MM was a solicitor whose firm had a legal aid contract for mental health work. He needed to be reaccredited by the Law Society. The process required a partner/senior manager of the firm to sign the reaccreditation form and declare that the information was correct to the best of his knowledge, and that he had read the declaration stating that. The partner did not look at the form and it was signed by MM. The declaration MM signed was, then, demonstrably false. An open and shut case you might think on dishonesty and lack of integrity. MM knew it was false and he signed it anyway and presented it to the Law Society.

Not so. Because the partner involved had a habit of allowing his solicitors to sign their own forms in his name. The SRA had actually called as one of its own witnesses another solicitor, Ms Young, who said he did pretty much the same thing with her. She had brought the form to him, he had said “I trust you, put my name to it”. It was found by the Tribunal that in MM’s case he had said something like “get it done”.
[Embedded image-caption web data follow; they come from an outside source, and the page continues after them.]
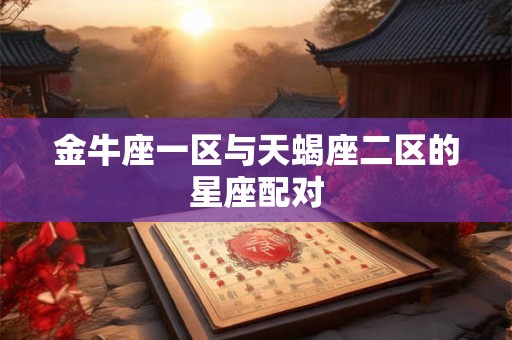 金牛座一区与天蝎座二区的星座配对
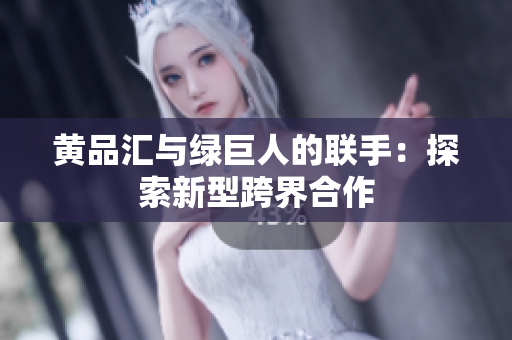 黄品汇与绿巨人的联手：探索新型跨界合作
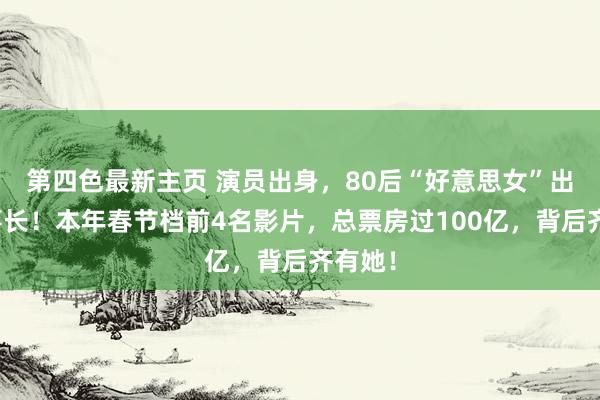 第四色最新主页 演员出身，80后“好意思女”出任董事长！本年春节档前4名影片，总票房过100亿，背后齐有她！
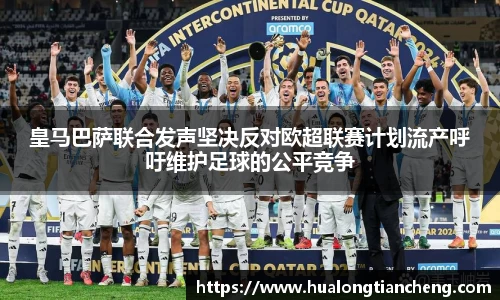 皇马巴萨联合发声坚决反对欧超联赛计划流产呼吁维护足球的公平竞争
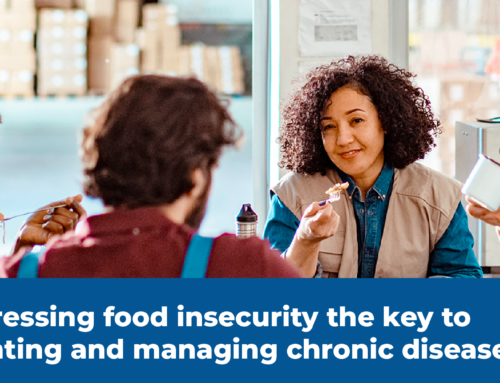 Is addressing food insecurity the key to preventing and managing chronic disease?
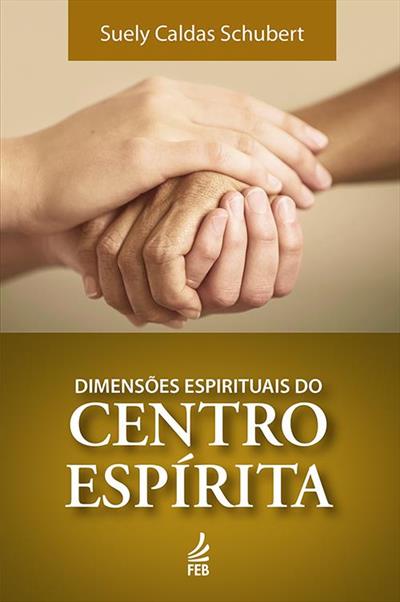 DIMENSOES ESPIRITUAIS DO CENTRO ESPIRITA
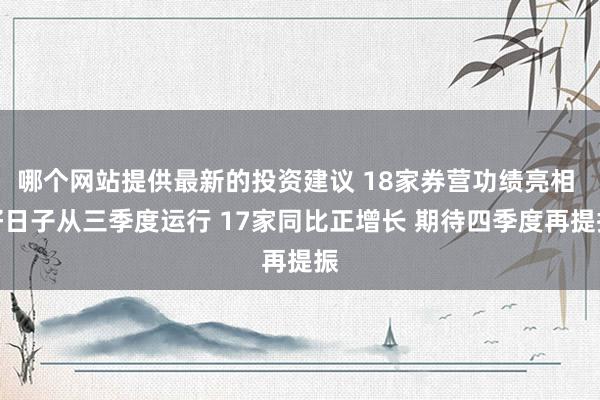 哪个网站提供最新的投资建议 18家券营功绩亮相 好日子从三季度运行 17家同比正增长 期待四季度再提振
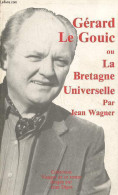 Gérard Le Gouic Ou La Bretagne Universelle - Collection Visages De Ce Temps N°35. - Wagner Jean - 1987 - Autres & Non Classés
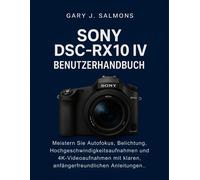 Gary J Salmons Sony DSC-RX10 IV Benutzerhandbuch (Tascabile)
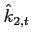 $\hat k_{2,t}$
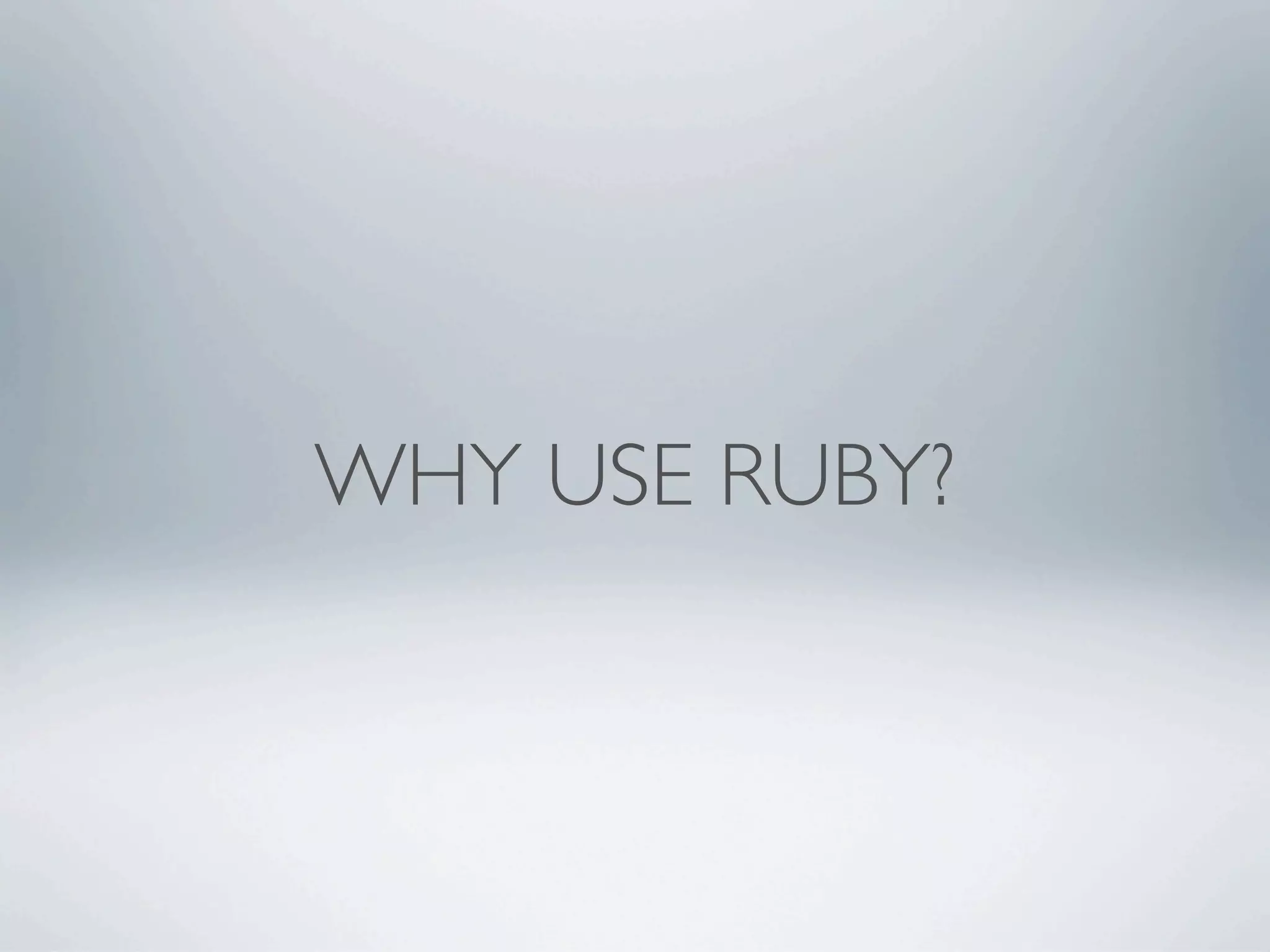 WHY USE RUBY?
 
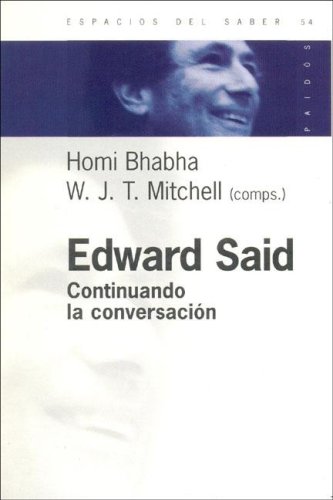 Edward Said: Continuando La Conversacion (Spanish Edition) (9789501265545) by BHABHA, HOMI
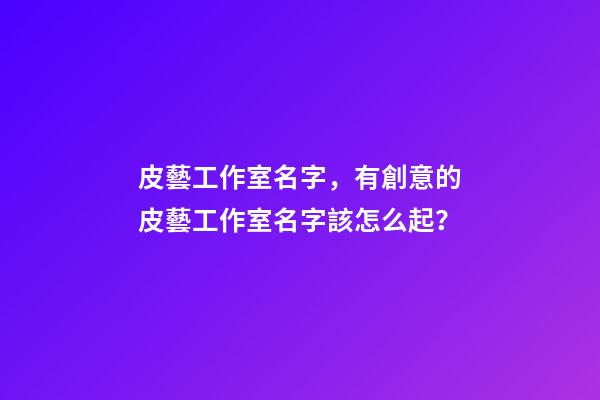 皮藝工作室名字，有創意的皮藝工作室名字該怎么起？-第1張-公司起名-玄機派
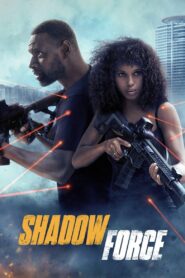Shadow Force: Sentencia de muerte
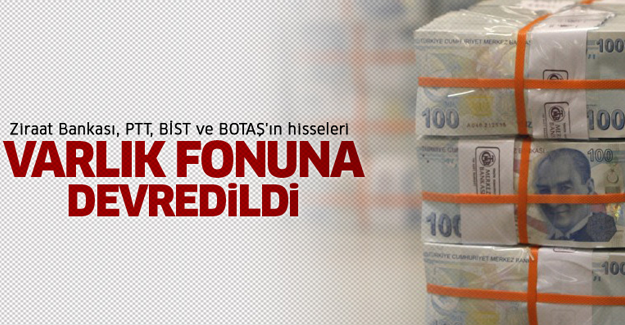 Ziraat Bankası, PTT, BİST ve BOTAŞ'ın hisseleri Varlık Fonu'na devredildi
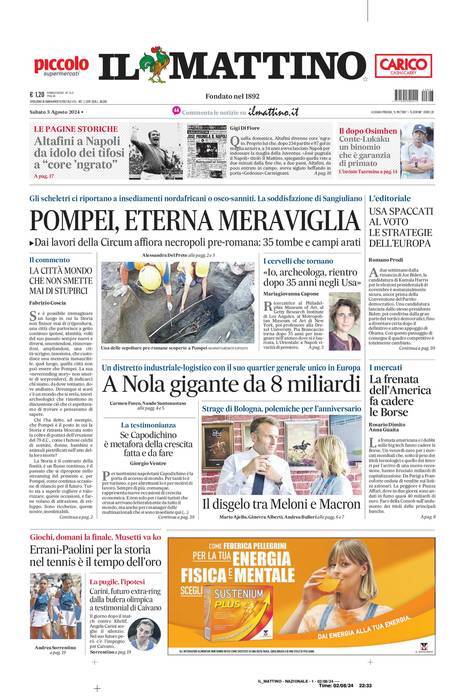 Il Mattino prima pagina di oggi 
            Edizione di Oggi, Sabato 03 Agosto 2024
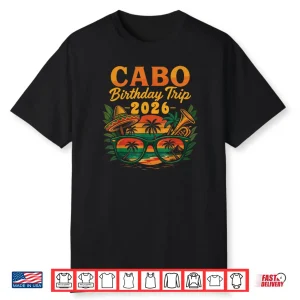 Cabo Birthday Trip 2026 Mexico Vacation San Lucas Trip Beach Shirt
Mr Justice Soole found that “get it done” amounted to implied, and probably express, authority from the partner for MM to sign the form. The Tribunal had also found that he had implied authority, but concluded that did not make any difference to the falsity of the statement on the form. They went on to conclude using the Ivey test that reasonable and decent people would consider what MM did was dishonest. Further, it amounted to lack of integrity.

The court disagreed. Going by way of the legal concept of agency, and actual authority as a legal relationship, Solle J concluded that MM had authority to sign the form on the part of the partner. So there was no problem as between MM and the partner. Nevertheless, what mattered for the Law Society was whether the declaration was true, and it plainly was not.

But while the partner’s consent did not affect the falsity of the statement on the form, it did affect any judgment on dishonesty. The Tribunal had given “no real weight” to the consent. The Judge was also not impressed at the Tribunal’s attempt to find a distinction between Ms Young’s case and MM’s on the grounds that she had at least been in the room with him when he signed it and had given him a chance to review it. The findings of dishonesty and lack of integrity were both quashed.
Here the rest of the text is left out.